Densifying Sparse Ocean Depth Observations¶
DepthDif explores conditional diffusion for reconstructing dense subsurface ocean temperature fields from sparse, masked observations.
The repository currently supports:
- EO-conditioned multi-band reconstruction (surface condition + deeper target bands)

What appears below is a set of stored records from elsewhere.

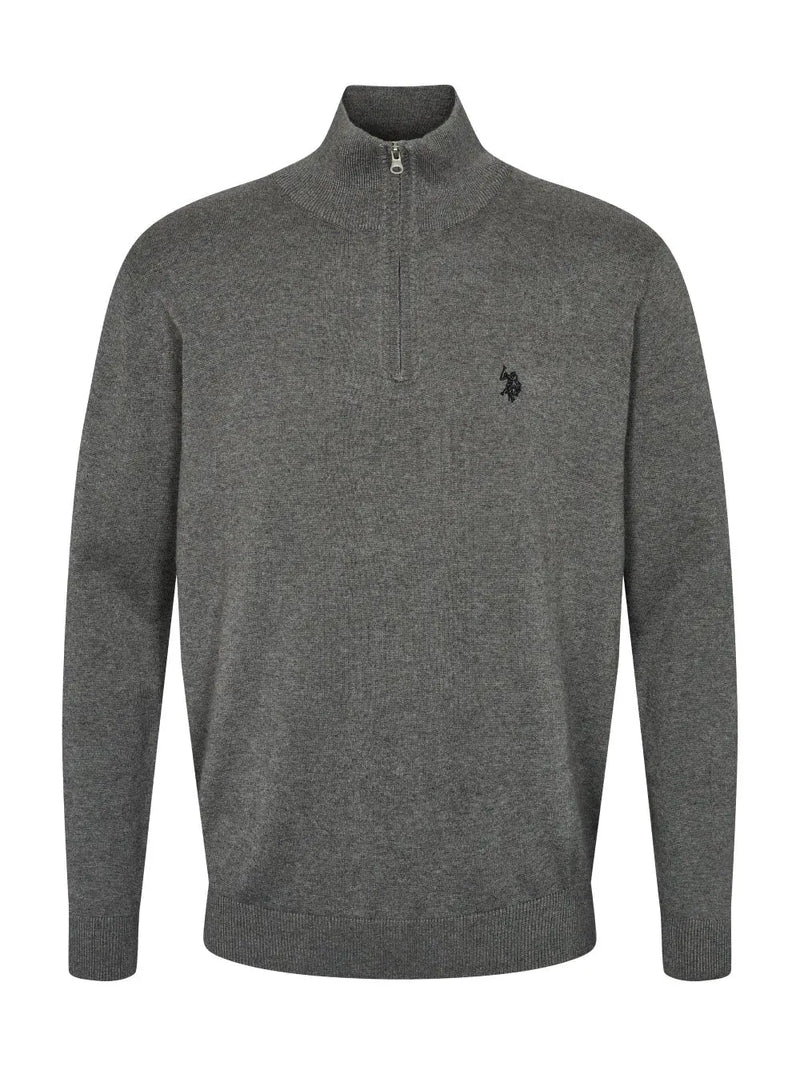 Brison Half-Zip Genser - Medium Grey Melange U.S. Polo Assn.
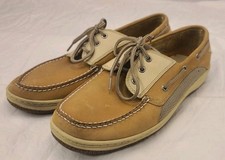 Sperry Top-Sider Shoes Mens Size 13 Tan Beige Billfish Boat Leather Mesh 3-Eye
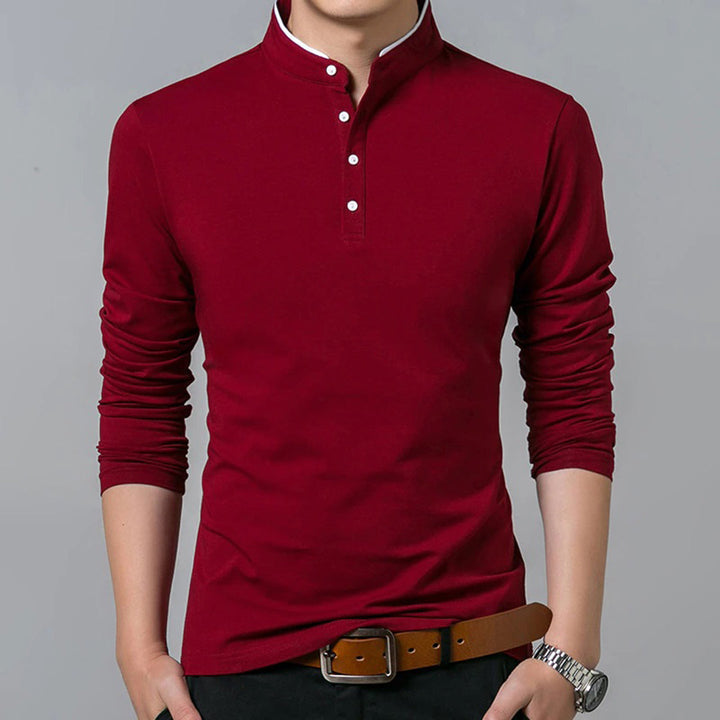 Stylish men's long sleeve polo with mandarin collar. Slim-fit design, perfect for modern casual & office fashion.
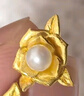 周大福山茶花 黃金鑲珍珠足金耳釘耳飾女生日禮物七夕情人節(jié)禮物 EOR1233 曬單實(shí)拍圖
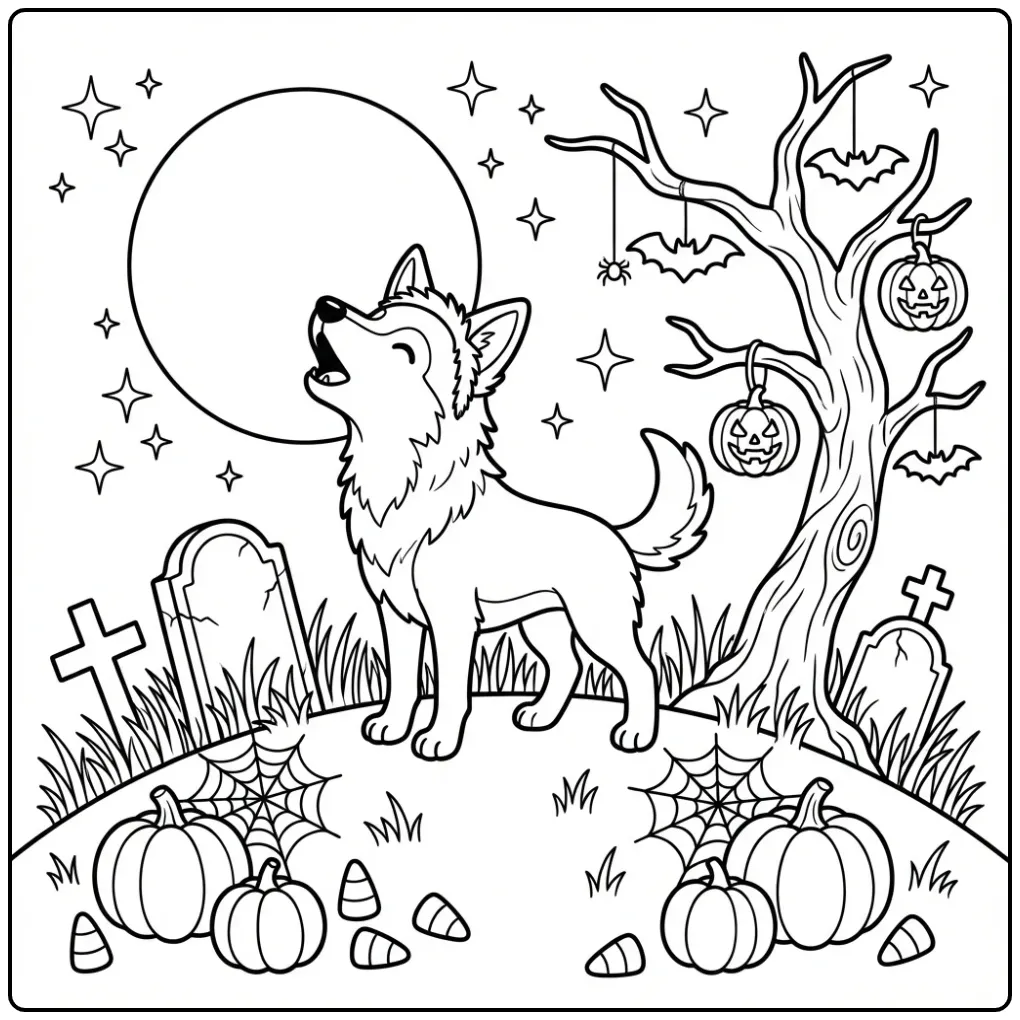 Saarloos Wolfdog Halloween Dog Dressed as a Werewolf coloring page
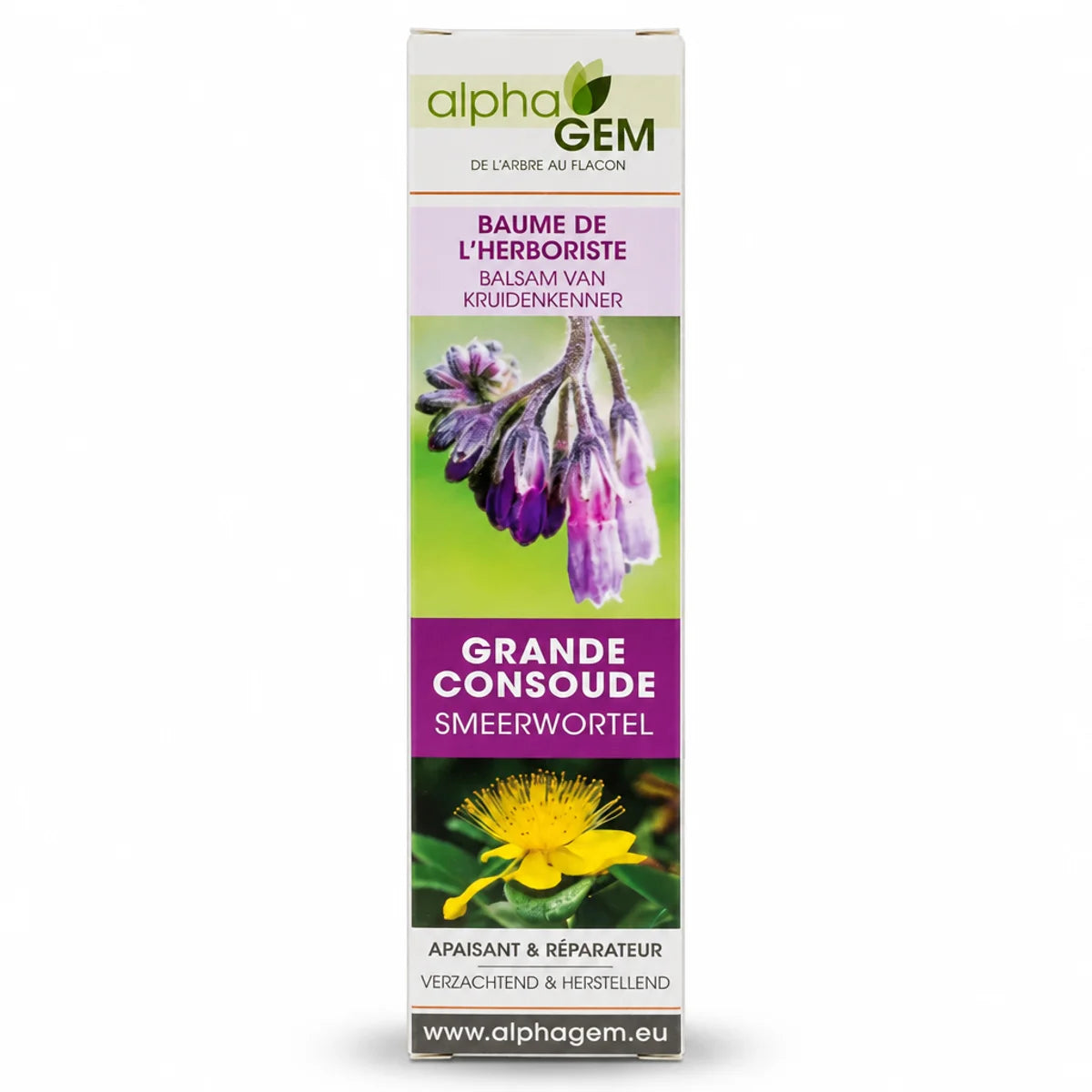 Baume à la Grande Consoude Alphagem 50g : boîte de baume réparateur bio, vue de face sur fond blanc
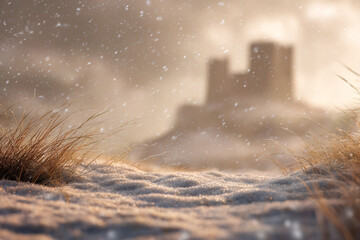 Aufkleber - Close-up of snow texture with blades of grass, blurred castle background, light snowfall, conveying winter serenity and tranquility
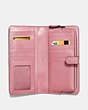 COACH®,SKINNY WALLET,Calf Leather,Mini,Gunmetal/True Pink,Inside View,Top View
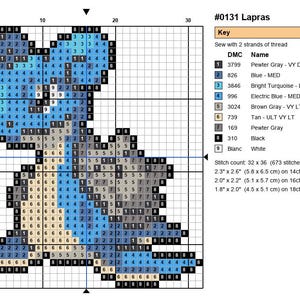 Lapras Pokemon cross stitch pattern chart with DMC color key
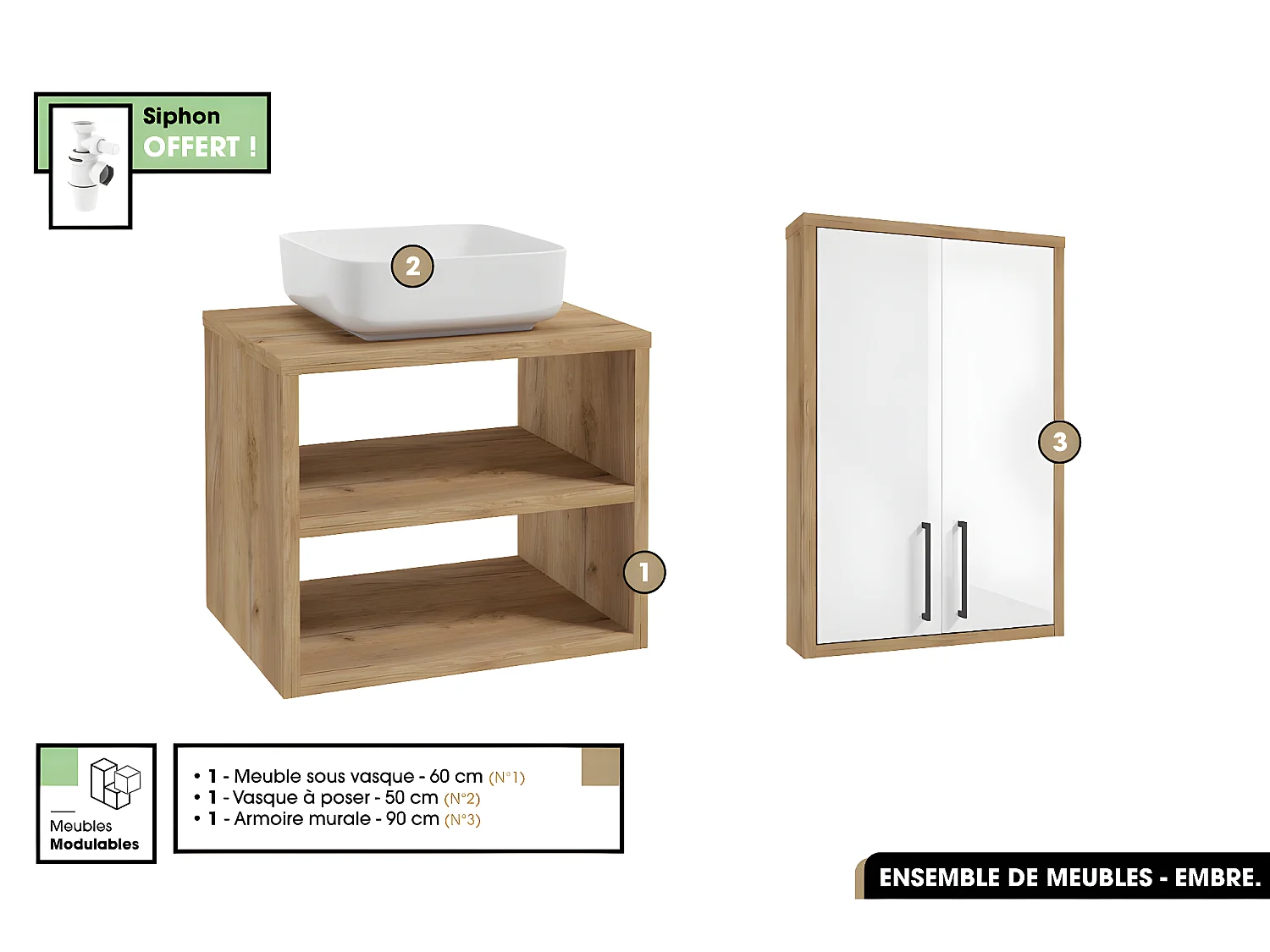 Ensemble complet - de salle de bain - Meuble - Armoire - Vasque avec Siphon OFFERT | EMBRE | OAK | 100 x 50 x 45 cm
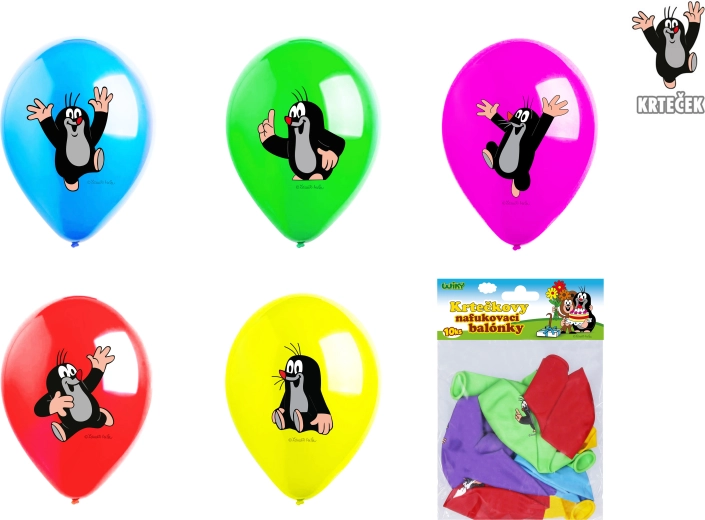 Aufblasbare Ballons 30 cm Der kleine Maulwurf – Set mit 10 Stk., 5 Designs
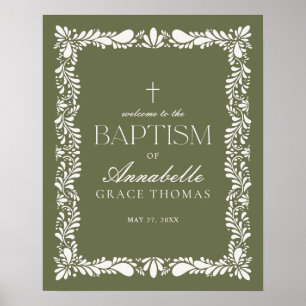 Green Talavera Tile Spanish Fiesta Taufe Willkomme Poster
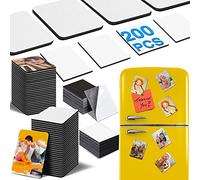 200Pcs Sublimation Magnet Blanks Set,Personalized Sublimation Refrigerator Magnet for Home Kitchen Microwave Oven Decor&Office Calendar with 100PCS Blank Rubber Pad(6x8cm), 100PCS DIY Soft Magnetic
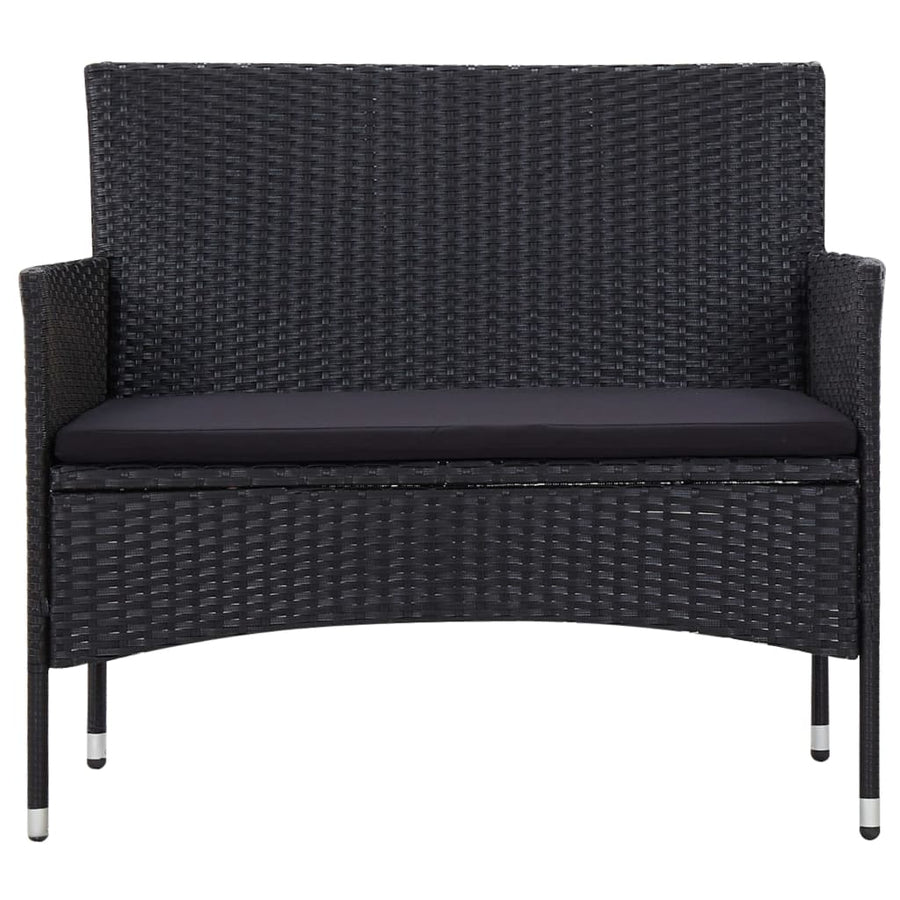 -Delige Loungeset Met Kussens Poly Rattan Zwart
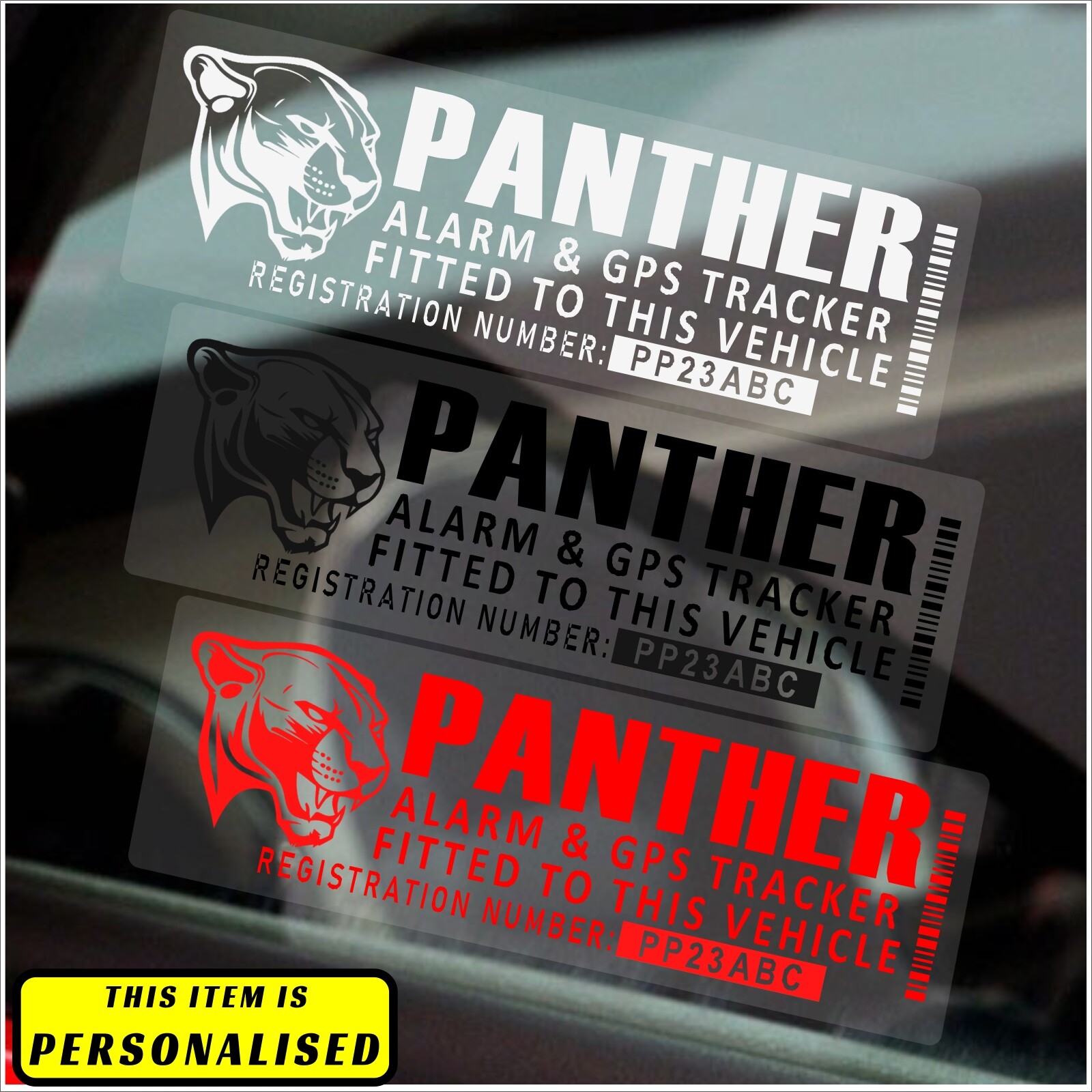 4 x Stickers Panther GPS Tracking Signs Device Security Alarm Tracker CUSTOM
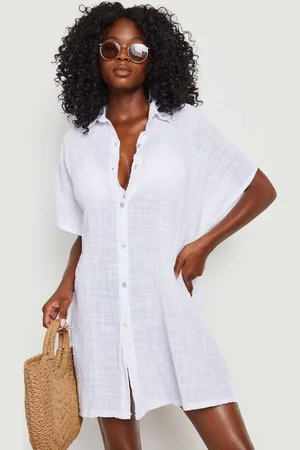 Boohoo Womens Linen Look Button Front Batwing Beach Kaftan Shirt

- cross-source conditioning where EO surface SST can come from OSTIA while deeper targets remain Copernicus reanalysis
- public PyPI inference through the depth-recon package, including no-GLORYS ARGO/OSTIA week exports
- latent diffusion workflow with autoencoder-based depth compression (see Autoencoder)
Project Links¶
Analysis
Explore DepthDif visualizations
Open the analysis landing page for the one-week globe, temporal globe, spatial error dashboard, and temporal error dashboard.
Model Description¶

DepthDif is a conditional diffusion model: it reconstructs dense GLORYS depth fields from sparse ARGO profile observations, conditioned on scenario-selected surface EO context (OSTIA SST for temperature/joint, SSS sos for salinity), ARGO observation support, GLORYS spatial support, plus coordinate/date context. See the full model details in Model.
In the GeoTIFF training workflow, EO surface conditioning comes from the scenario-selected surface raster, subsurface targets come from GLORYS, and sparse inputs come from ARGO/EN4 profiles after depth alignment. Salinity is a scenario-selected field: --scenario salinity trains salinity only, and --scenario joint trains temperature and salinity together.
Ambient diffusion (short): at step t, x_t = sqrt(alpha_bar_t) * x_0 + sqrt(1 - alpha_bar_t) * epsilon, epsilon ~ N(0, I).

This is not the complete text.